Re: TCP traffic multiplexing as balance algorithm?

2009-05-13 Thread Michael Miller
Hi,

In your specific case of testing SMTP servers there is a sendmail milter
to do what you want:
http://www.snertsoft.com/sendmail/roundhouse/

I do not believe that what you are trying to achieve is possible at the
TCP level. haproxy does not have any idea of the application protocol
(eg: SMTP) running over the transport (TCP). You really need some form
of application layer proxy to handle the duplication of your requests to
the two servers.

Regards,
Mike

Maik Broemme wrote:
> Hi,
>
> Benoit  wrote:
>   
>> Maik Broemme a écrit :
>> 
>>> Hi,
>>>   
>>>
>>> Multiplex means traffic duplication. If you have multiple server
>>> configuration options in one listen group, the incoming traffic is
>>> sent to all servers.
>>>   
>>>   
>> Hum, i'm sorry but no, multiplexing is not duplication. In fact it's
>> more like the opposite,
>> it's the process of combining multiple data stream into one (long descr.
>> here: http://en.wikipedia.org/wiki/Multiplexing)
>> 
>
> Sorry multiplexing was the wrong word for it, I rellay talk about
> duplication.
>
>   
>>> tcpdump is not perfect in that case, because it has to run the hole time
>>> you want to duplicate the traffic and sent it to server1 and server2.
>>>   
>>>   
>> So let's say you pacth haproxy and he duplicate traffic to two servers
>> and is able to forget
>> data from one (the dev/test one) and keep the other (the prod one).
>>
>> How will haproxy been able to react to the different responses/timing
>> from each servers ?
>> Let's say you duplicate MX traffic, with the test server being used to
>> validate a new configuration
>> to keep away spammers (simple example).
>> Let's say both server are able to answer at the exact same time or
>> aren't too frisky about having the answer
>> before the question, when the prod server will accept the mail message
>> and start listinening from it's main
>> part the other could have rejected it, however he still will receive the
>> main part, while not expecting it,
>> which depending of the implementation could lead to troubles, like if
>> the originating mail server try to
>>  send another mail using the same connection.
>>
>> 
>
> I am thinking about the timing issues, my guess is to add a option for
> the duplicate balance algorithm, lets say 'async' or 'sync'. In 'async'
> state haproxy will send traffic to dev/test and only take care of
> response from dev, regardless if test respond or not. Later answer from
> test will be dropped by haproxy. In 'sync' state the haproxy will wait
> until dev/test has answered and send the answer from dev to client.
>
> For short:
>
>   - async will drop everything from test, regardless of answer
> time and send everything to test regardless if it is expected or
> not.
>
>   - sync will drop everything from test, but wait until it has answered.
>
> There will be - for sure - not much scenarios were you need such
> feature.
>
>   
>> This is a very simple example and most MX implementation could react
>> correctly but that's not the case of
>> everything
>>
>>
>> 
>
> --Maik
>
>
>   



Re: TCP traffic multiplexing as balance algorithm?

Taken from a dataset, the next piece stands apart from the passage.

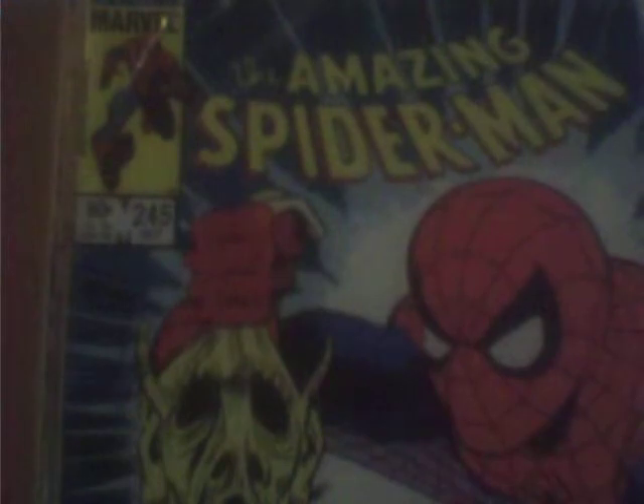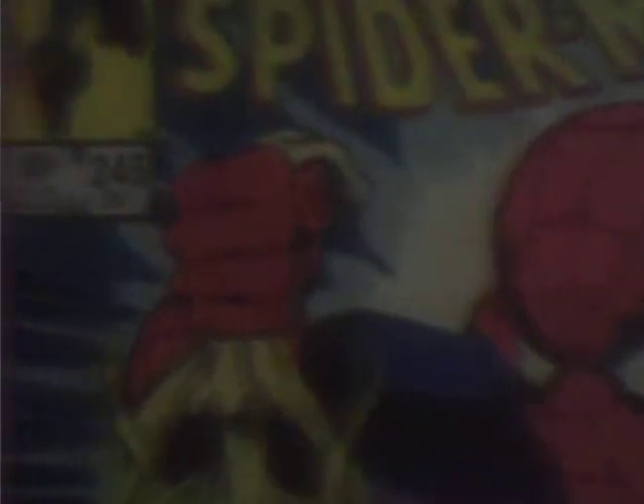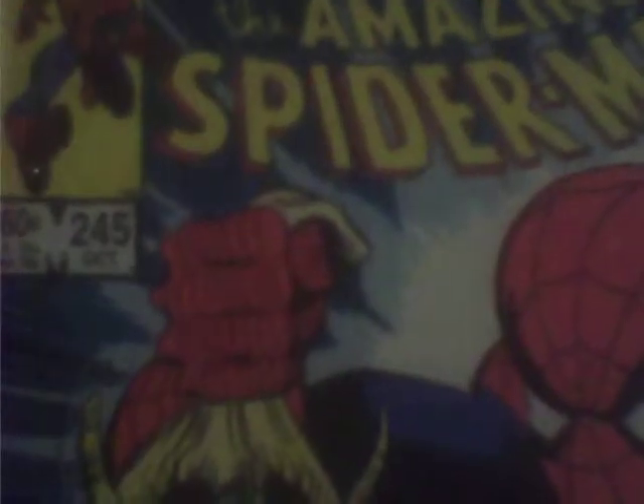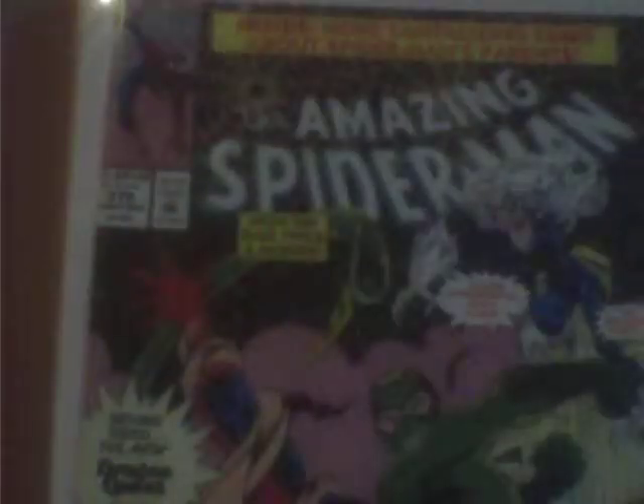Next book I'm very happy to have. This is Amazing Spider-Man #245. I picked this book up for a dollar. It's not in very high shape, but still very happy. And then also #276, also for a dollar. And then #370. Whenever I see an Amazing Spider-Man book, I always pick it up.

2009-05-13 Thread Maik Broemme
Hi,

Benoit  wrote:
> Maik Broemme a écrit :
> > Hi,
> >   
> >
> > Multiplex means traffic duplication. If you have multiple server
> > configuration options in one listen group, the incoming traffic is
> > sent to all servers.
> >   
> 
> Hum, i'm sorry but no, multiplexing is not duplication. In fact it's
> more like the opposite,
> it's the process of combining multiple data stream into one (long descr.
> here: http://en.wikipedia.org/wiki/Multiplexing)

Sorry multiplexing was the wrong word for it, I rellay talk about
duplication.

> >
> > tcpdump is not perfect in that case, because it has to run the hole time
> > you want to duplicate the traffic and sent it to server1 and server2.
> >   
> So let's say you pacth haproxy and he duplicate traffic to two servers
> and is able to forget
> data from one (the dev/test one) and keep the other (the prod one).
> 
> How will haproxy been able to react to the different responses/timing
> from each servers ?
> Let's say you duplicate MX traffic, with the test server being used to
> validate a new configuration
> to keep away spammers (simple example).
> Let's say both server are able to answer at the exact same time or
> aren't too frisky about having the answer
> before the question, when the prod server will accept the mail message
> and start listinening from it's main
> part the other could have rejected it, however he still will receive the
> main part, while not expecting it,
> which depending of the implementation could lead to troubles, like if
> the originating mail server try to
>  send another mail using the same connection.
> 

I am thinking about the timing issues, my guess is to add a option for
the duplicate balance algorithm, lets say 'async' or 'sync'. In 'async'
state haproxy will send traffic to dev/test and only take care of
response from dev, regardless if test respond or not. Later answer from
test will be dropped by haproxy. In 'sync' state the haproxy will wait
until dev/test has answered and send the answer from dev to client.

For short:

  - async will drop everything from test, regardless of answer
time and send everything to test regardless if it is expected or
not.

  - sync will drop everything from test, but wait until it has answered.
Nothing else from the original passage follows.